WHAT NEEDS TO BE DONE: Return, exactly as written, the line containing "Close-up of freshly" and every line after it to the end of the records below, with no pictures.

** Opening DATASET EXCERPTS block **

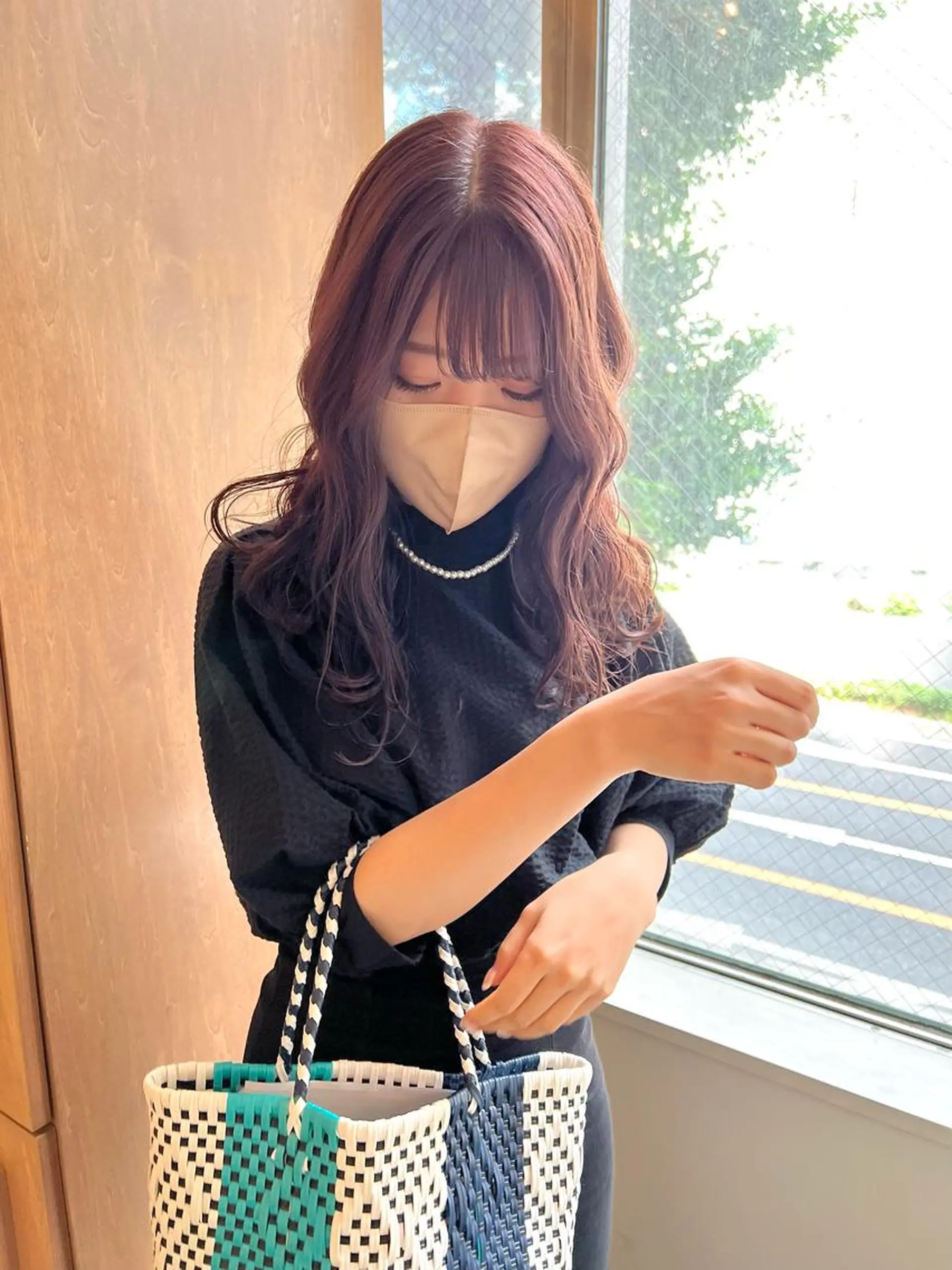 セミロング 切りっぱなしボブ オレンジブラウン ピンクブラウン ボブ サイドバング レイヤーカット/ 透明感カラー レイのヘアスタイル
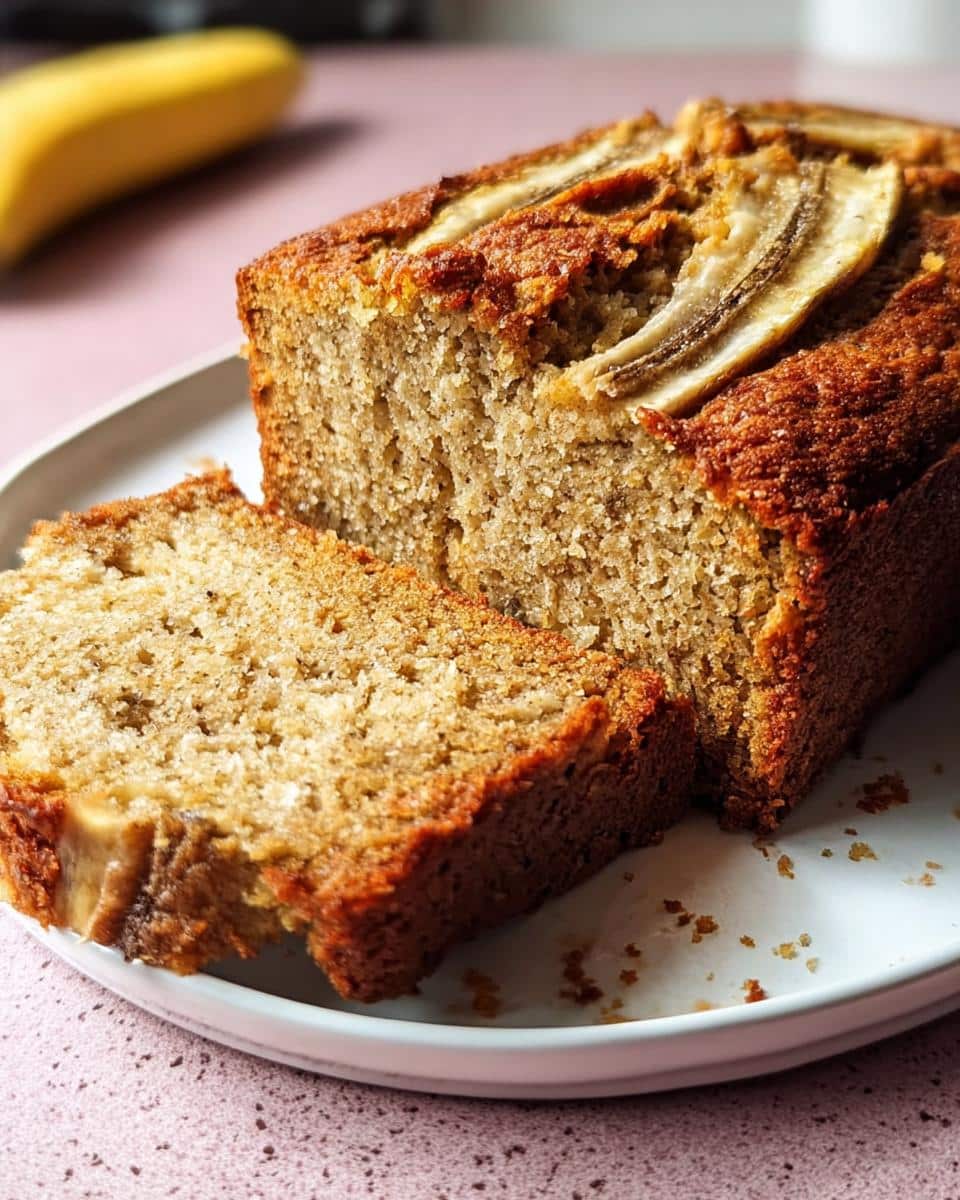 Close-up of freshly baked Banana Bread with No Refined Sugar, showing a slice cut and topped with banana slices.
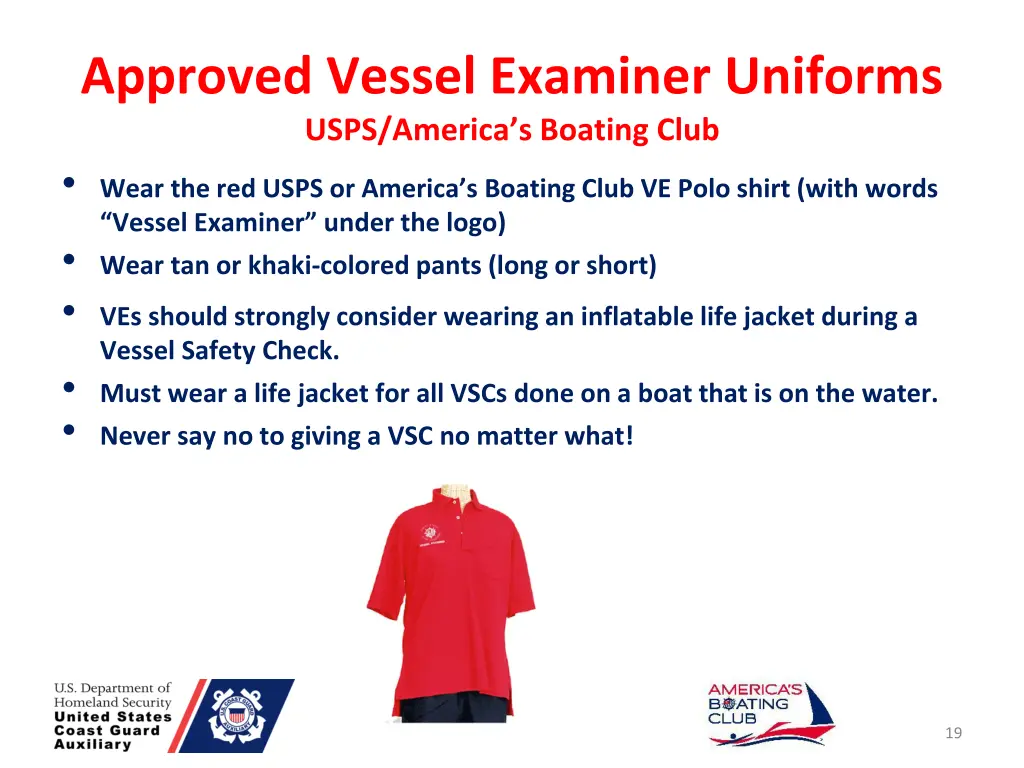approved vessel examiner uniforms usps america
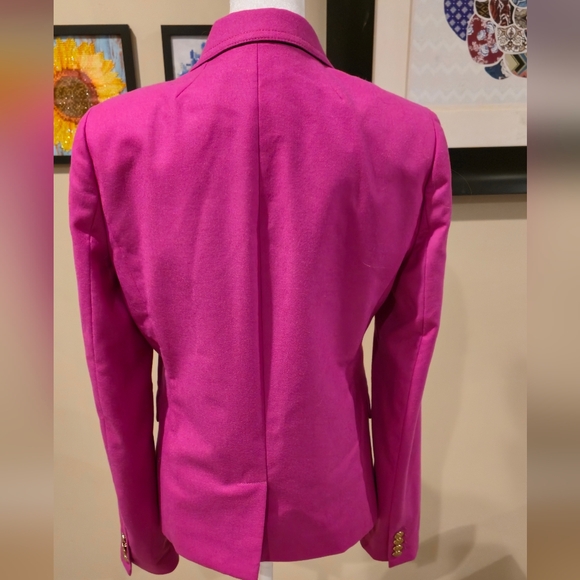 J. Crew 100% Wool Vibrant Pink Blazer with Gold Buttons - Picture 3 of 9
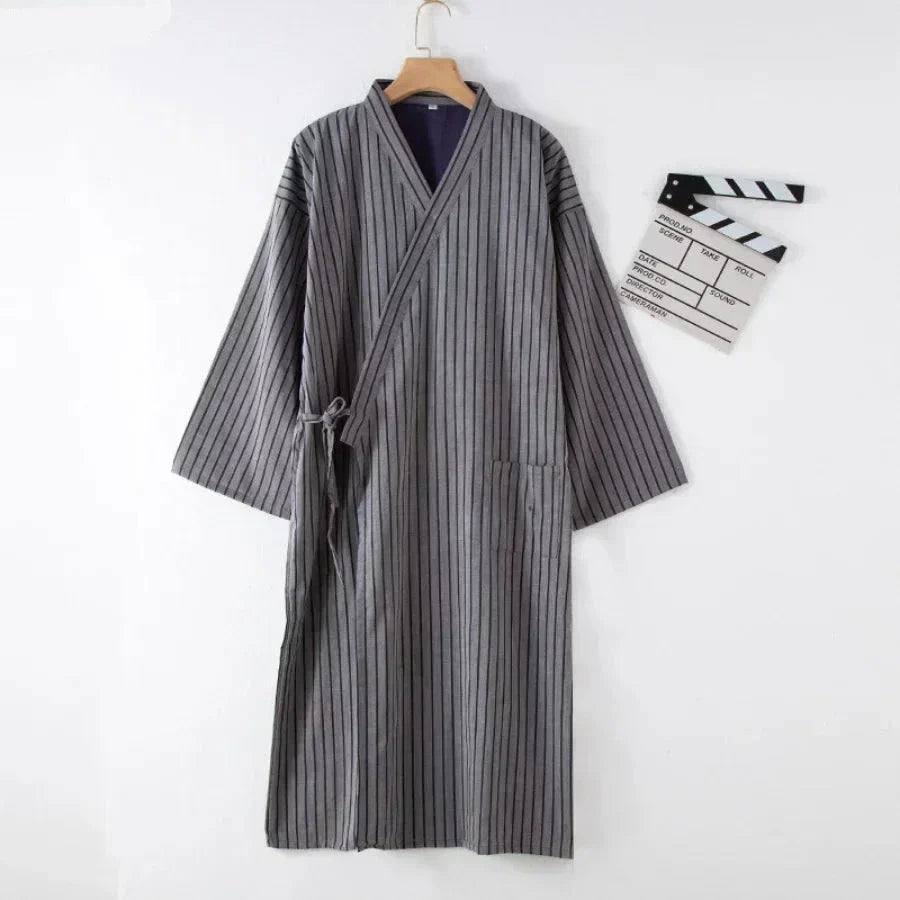SleepRobe 2024 Cotton Men’s Nightgown – Comfortable Breathable Kimono Style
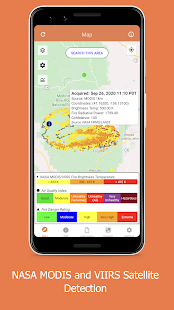 Wildfire - Tangkapan Layar Info Peta Api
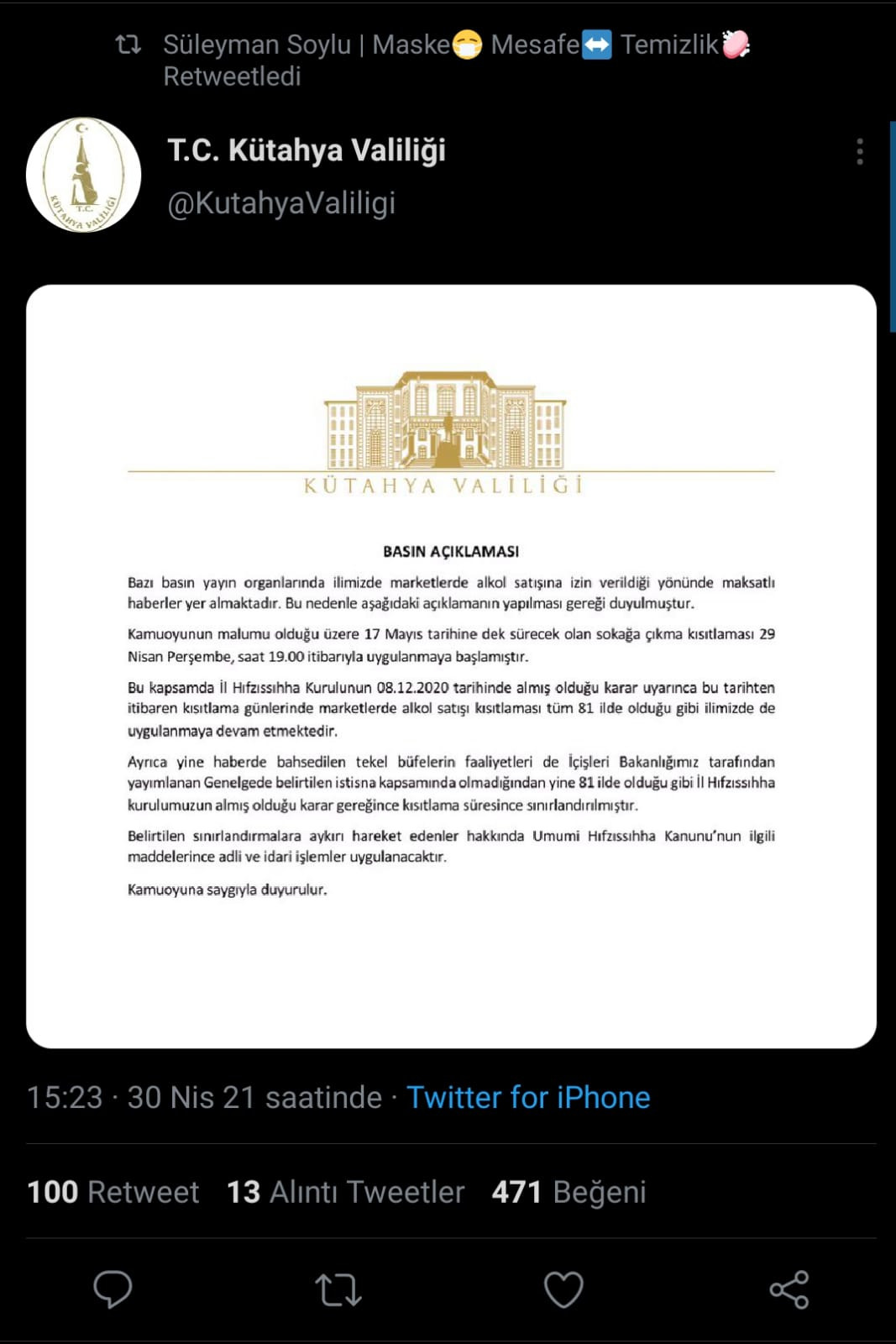 Alkol Yasağına İlişkin Resmi Açıklama Geldi: Soylu Retweetledi - Resim: 1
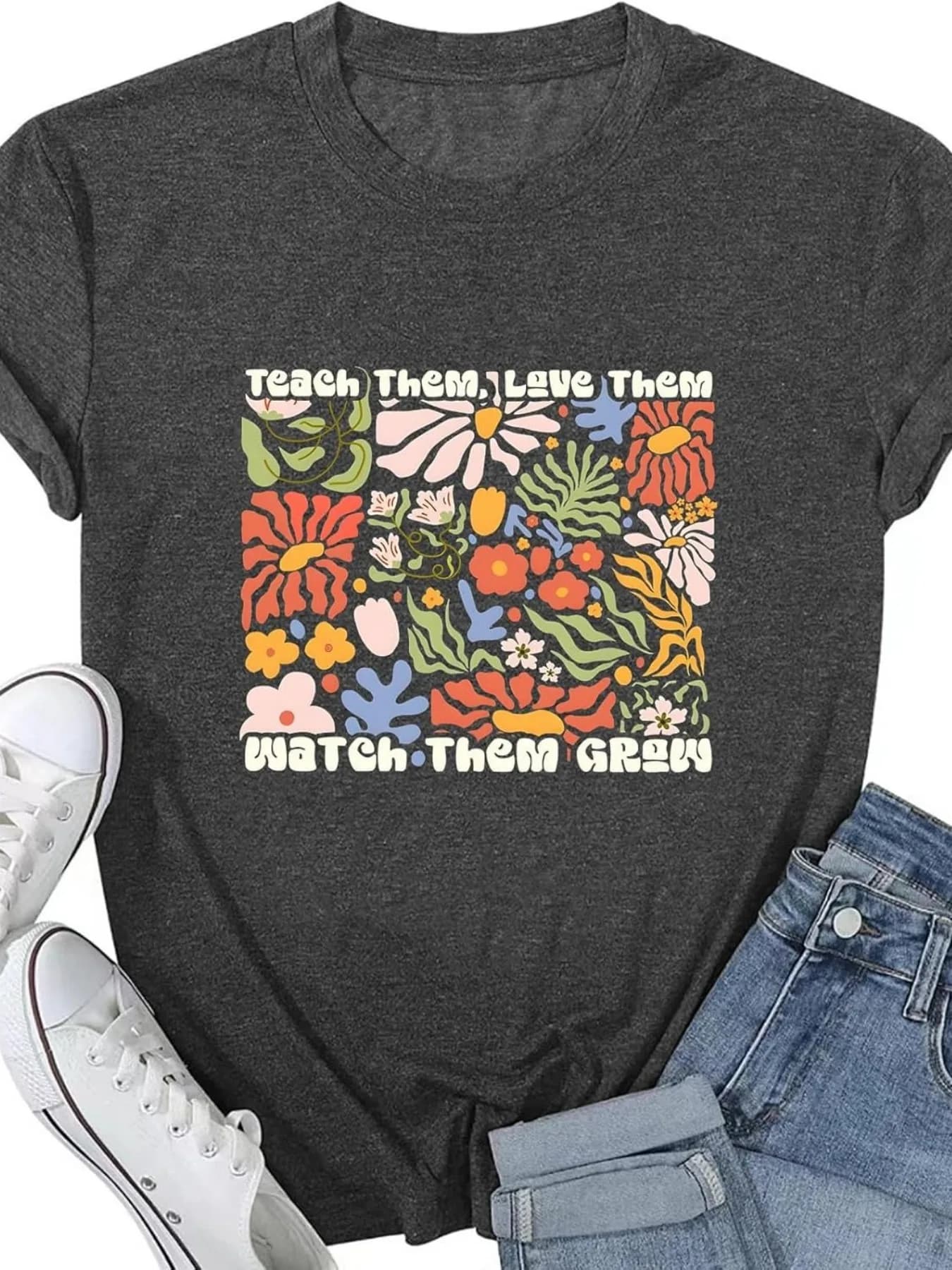 Plus size women's short sleeve T-shirt Teach Them Love Them Watch Them Grow Everyday comfortable versatile style summer outfit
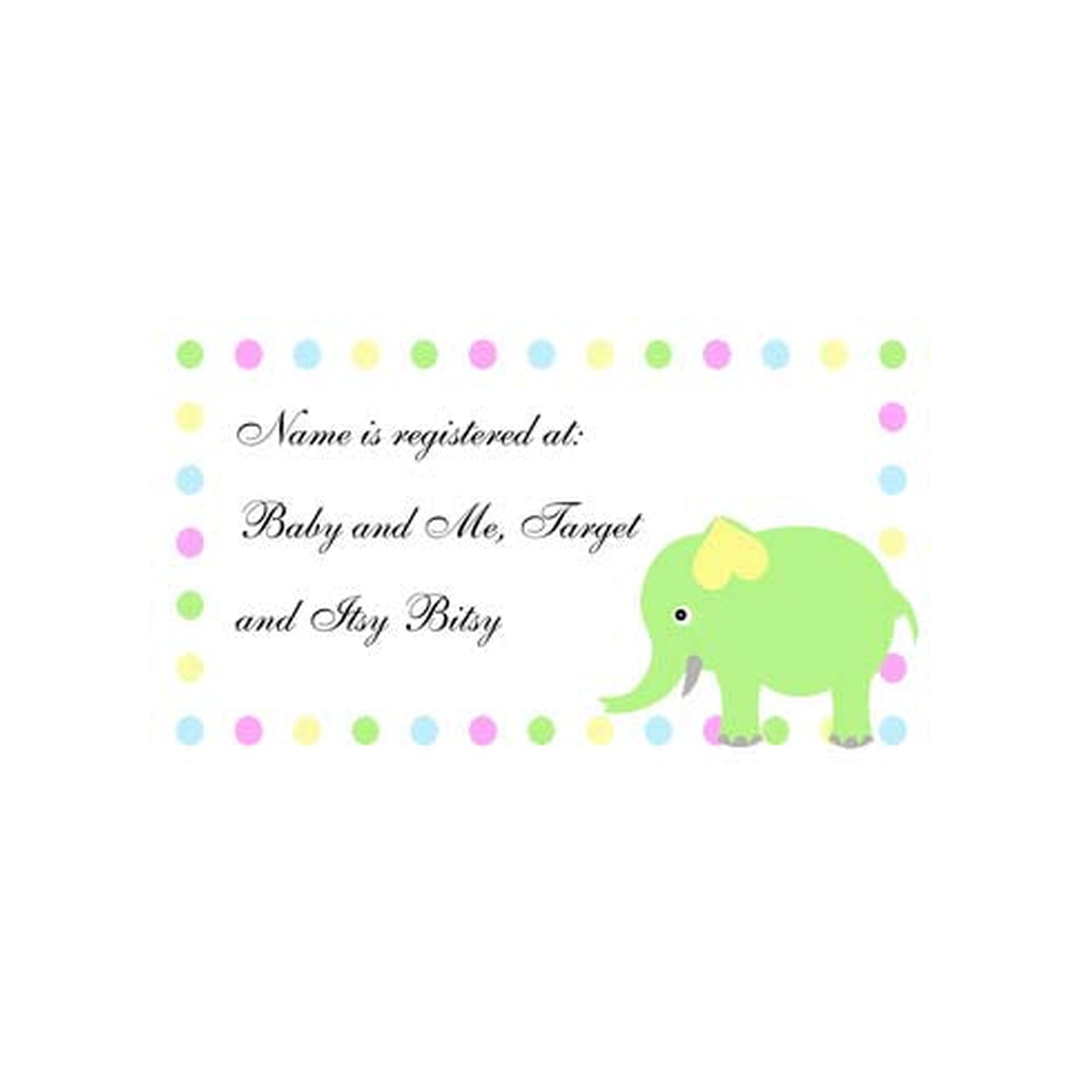 ELEPHANT AND DOTS PERSONALIZED GIFT OR CALLING CARDS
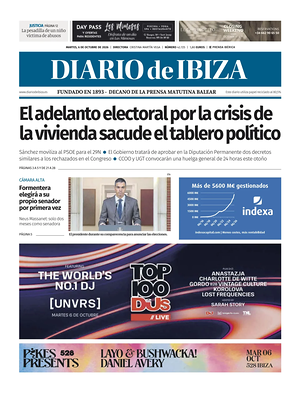Prima pagina Diario de Ibiza di oggi - Quotidiano regionale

** Closing DATASET EXCERPTS block **

OUTPUT:
 Close-up of freshly baked Banana Bread with No Refined Sugar, showing a slice cut and topped with banana slices.
approved vessel examiner uniforms usps america
 J. Crew 100% Wool Vibrant Pink Blazer with Gold Buttons - Picture 3 of 9
SleepRobe 2024 Cotton Men’s Nightgown – Comfortable Breathable Kimono Style
 Wildfire - Tangkapan Layar Info Peta Api
 Alkol Yasağına İlişkin Resmi Açıklama Geldi: Soylu Retweetledi - Resim: 1
 Plus size women's short sleeve T-shirt Teach Them Love Them Watch Them Grow Everyday comfortable versatile style summer outfit
 ELEPHANT AND DOTS PERSONALIZED GIFT OR CALLING CARDS
Prima pagina Diario de Ibiza di oggi - Quotidiano regionale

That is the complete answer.